=== Data section ===
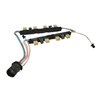 ZF 6029.039.106 OE ZF 6029039106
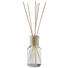 DIFFUSER Cranberry - Naturfarben, Basics (6/24cm) - Ambia Home DIFFUSER Cranberry - Naturfarben, Basics (6/24cm) - Ambia Home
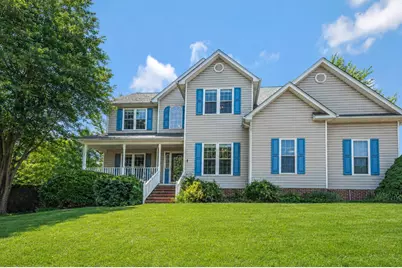 1 Musket Court, Fredericksburg, VA 22405 - Photo 41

=== Activity ===
When you retype the material above, keep every word exact and drop the images.

=== Result for this task ===
 ZF 6029.039.106 OE ZF 6029039106
 DIFFUSER Cranberry - Naturfarben, Basics (6/24cm) - Ambia Home DIFFUSER Cranberry - Naturfarben, Basics (6/24cm) - Ambia Home
 1 Musket Court, Fredericksburg, VA 22405 - Photo 41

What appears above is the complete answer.